Walk Down Misery Street

Liza finally shook off the intoxicating daydream that had pulled her for a short time into the distant past. Hearing about alcohol—after heroin—she looked at me with pity as if to say, “Poor guy, he knows nothing about life.”

“Is it really possible to compare alcohol with heroin? Pete, what are you talking about?! Why did they give you a substance abuse certificate? Alcohol is hogwash that destroys the mind and body. Of course, I also drank to help with dope withdrawal or just to be buzzed. But what is an alcoholic? He gets ten-fifteen bucks, goes to the store, buys a pint of booze, and drinks at home. He cries about his unhappy life and collapses into sleep. He is pathetic. No offense, dear. I know that you Russians have a special love for alcohol. Mother Russia, glug, glug!” She formed her fingers around an imaginary bottle and lifted it to her open mouth.
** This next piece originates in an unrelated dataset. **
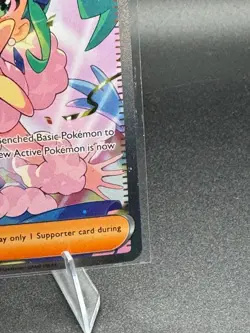 Pokemon TCG Lisia's Appeal 246/191 Sv08: Surging Sparks Holo - Image 4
Then she squished her face up humorously, as if she had just downed a bottle of bitter vodka.

We both laughed.


In addition to the patients who were mandated for treatment, several “volunteers,” those who came of their own volition, attended the clinic.

Among these were a handful of seniors: three men of about sixty-five years of age. One was Italian, another Puerto Rican, and the third Jewish. It was amazing how they had managed to live to such an age.

Active drug users rarely make it to fifty years old. They die from an overdose or a blood infection, or from bullets and accidents they had while they were intoxicated. But this “trinity” had miraculously survived. Two of them had been friends since their youth, beginning back in the glorious 1960-70s.

All three, of course, looked like old men, sick and tormented. Sometimes I would see one of them hobbling along the corridor with a cane. I’d wave to him in greeting and go to my office. I’d make a couple of phone calls, write progress notes on a patient’s chart, exchange a few words with Liza, come out of my office, and that same patient would still be in the corridor, having made it only halfway down the hall. It was difficult for him to move with swollen legs and a belly distended from cirrhosis of the liver. And he had no strength in his arms.